The spirit to serve had been subdued by the individual interests of the teaching fraternity, he alleged. What needs to be prioritized, among other things, is the quality of education in the government schools, he said. An environment of learning needs to be created in the schools, he added. The children in the Kashmir Valley are particularly sharp and they need to be guided properly, he said. They are intelligent enough to differentiate between evil and good, we cannot afford to communicate with them using preconceived notions. Kumar said that we need to give exposure to the children who have been cocooned by certain thought processes. “Let’s expose them to them to the outer world, make them capable of differentiating between good and bad,” he added.
Kumar said that radical changes were required to bring the education system on track, but the changes had to be gradual and incremental. “The drawbacks of 70 years can’t be addressed in one go but we need to act now.” Elaborating on his statement, Kumar said that he had decided that his office would not promote the transfer culture. “There has to be a transfer policy which should be adhered to in letter and spirit but I have left it to the directors of school education in both the divisions. Let them effect the transfers not at their will but strictly in accordance with the policy I have formulated. I have conveyed in unambiguous terms to both the directorates in Srinagar and Jammu that no case whatsoever regarding the transfers should come to my table. I would rather address the grievances, if any, related to the transfers effected by the directorates.” He also said that mid-session transfers will not be allowed. On no grounds whatsoever shall premature transfers be accepted, he added.

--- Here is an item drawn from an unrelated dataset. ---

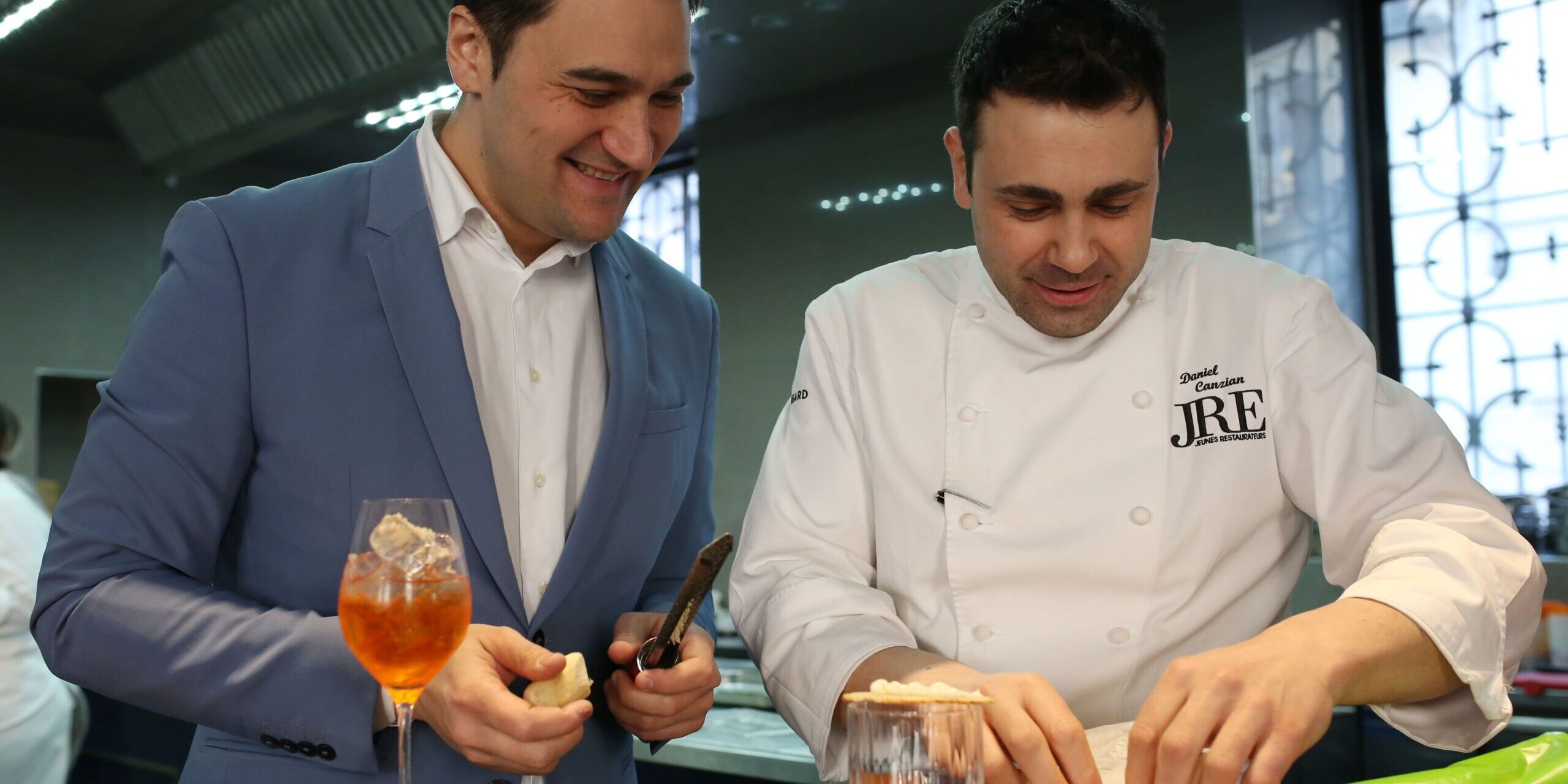 aperitivo milanese l'aperitivo milanese diventa esperienza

Teachers should focus on Imparting education to the students rather than have to deal with
transfers, he said. He reiterated that no excuses were acceptable. A teacher has to impart
education with conviction to the students wherever he or she is posted. Any carelessness will not be tolerated . One who is not ready to perform his duties where he or she is asked to serve should quit the job, Kumar said.

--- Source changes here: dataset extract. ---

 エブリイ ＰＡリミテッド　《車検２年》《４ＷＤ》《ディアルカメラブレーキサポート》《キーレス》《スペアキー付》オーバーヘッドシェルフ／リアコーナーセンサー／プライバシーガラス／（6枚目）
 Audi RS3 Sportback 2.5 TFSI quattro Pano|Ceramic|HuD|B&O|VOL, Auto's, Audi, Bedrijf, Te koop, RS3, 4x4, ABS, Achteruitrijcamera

He was categorical that the education department should be absolutely free from politics. “I am here to execute the universal education policy which is in place in the entire country. I don’t know how long I will be holding this chair but as long as I do, I will see to it that the students of Jammu and Kashmir have access to the same quality education as in other parts of the country.

I am pained to see that our students though sharp and intelligent are deprived of the avenues and opportunities for better education. My focus is on the education of my students, I do not want to manage the transfers of the teachers,” Kumar said.
Spelling out his vision for quality education in Jammu and Kashmir, Kumar said that he would promote the culture of smart classes and would gradually move towards communication classes that will be conducted by experts. “Our objective is to enhance the ability to teach and the vigour to learn. My students should be able to communicate with experts in every subject,” he added.



Talking about the culture of personal aggrandizement in the region, he said that for
government servants, there was only one choice – to work with honesty and dedication or leave the job. The government, Kumar said, paid salaries to its employees in order to improve the services for its citizens. The employees are answerable to the government and will be held accountable for non-performance. Education is universally deemed as a solution to the problems of mankind, irrespective of whether the problems are political, social or economic in nature, he said.

If problems persist in our society that means those who have been tasked with the job of educating the people have failed and as such, they should be held responsible for their non-performance, he added.